======== EXTRACTED MATERIAL ========

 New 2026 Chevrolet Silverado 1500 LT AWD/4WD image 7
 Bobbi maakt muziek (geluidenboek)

========
======== EXTRACTED MATERIAL ========

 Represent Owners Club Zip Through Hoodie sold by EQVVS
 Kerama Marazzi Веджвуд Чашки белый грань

========

- EXERCISE DESCRIPTION: Would you retype exactly the lines above, from the line with "Represent Owners Club" to the line with "Kerama Marazzi Веджвуд Чашки белый грань", with both end lines kept and nothing more?

- SOLUTION TO THIS EXERCISE:
 Represent Owners Club Zip Through Hoodie sold by EQVVS
 Kerama Marazzi Веджвуд Чашки белый грань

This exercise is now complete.